This grand opening is reminiscent of and synonymous with the opening of the eyes of the apostle Paul himself to the truth of the gospel back in chapter 9. John Calvin, the Protestant Reformer, says that “by the word ‘heart’, Scripture sometimes means the mind, as when Moses says [in Deuteronomy chapter 29 verse 4] ‘until now the Lord has not given you a heart to understand’. So also in this verse Luke means not only that Lydia was moved by the inspiration of the Holy Spirit to embrace the gospel with a feeling of the heart, but that her mind was illuminated to understand”.[1]
It is like the moment that took place in church a couple of weeks ago, when Claire displayed a picture on the screen of indecipherable pink shapes with a white background, but then explained that once you saw the pink as the background, you then see the white shapes clearly forming the word ‘Jesus’. It was a little light-bulb moment, a moment when the penny dropped. Once we saw the word ‘Jesus’, it was impossible for us to un-see it afterwards. This is what it is like for us when the Lord opens our eyes, our hearts and our minds to a new way of seeing, feeling and thinking – the way of the Christian gospel as set out in the Bible and lived out by our fellow believers. It is a definitive change which affects our entire lives from that point on, and from which there is no going back. This grand opening is the principal work of the Holy Spirit in our lives, whether or not we think to acknowledge it as such. Our hearts may have been already opened to this message. We may be seeking a means of obtaining or sustaining this single-minded clarity. In any event, here in church we are in the right place for our hearts and minds to be opened, re-formed and conformed to Christ. One thing is for sure: it’s not within our power to open and change our hearts, it is a work of God to do that.

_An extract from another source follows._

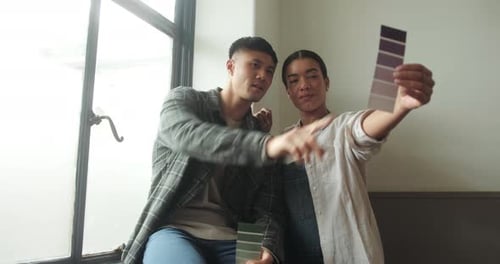 Young Couple Choosing Colors in Their Home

The third grand opening in this chapter is easy to miss if you’re not looking out for it, but it’s between the lines of the first half of verse 15. The Lord having opened her heart to Paul’s message, Lydia opened her household to the gospel. This is implied in the fact that the members of her household were baptised along with her. Having received the message with gladness, Lydia took it home and shared it with her nearest and dearest, the people she lived with every day. We are not given any of the details about how she did this. There might have been infant children among the number who were baptised on this occasion, for all we know. There’s nothing in the chapter that prohibits that as a possibility, and there’s the Old Testament precedent of Abraham having the infant male children of his household circumcised at the same time he was, as a sign and seal of belonging to God’s family. Lydia might have thrown a baptism or christening party, but if she did the baptism wouldn’t have been for the sake of the party; the party would have been for the sake of the baptism.
Or, on the other hand, the gospel might have been accepted by those of older years within Lydia’s household with whom she shared it. Either way, the fact that Lydia brought her household along with her in accepting baptism is proof that Jesus Christ was the subject of conversation in Lydia’s home, and that in having these conversations, Lydia was demonstrating love for the people she lived alongside every day.
They say that charity starts at home, and so it does whenever we speak and act at home in such a way as to promote Christian faith, hope and love. The people who live with us probably know us most intimately. They tend to know what makes us tick, and if we try to put on an act, they can usually spot it a mile off. Have our hearts been opened by the Lord to the gospel, and do we love the people we live with, or if we can’t say we love them, do we even like them, if only a little bit? If so, we must find appropriate and genuine ways of opening up our households to the gospel. The previous two grand openings I spoke about are the work of the Lord, but this one is one for us.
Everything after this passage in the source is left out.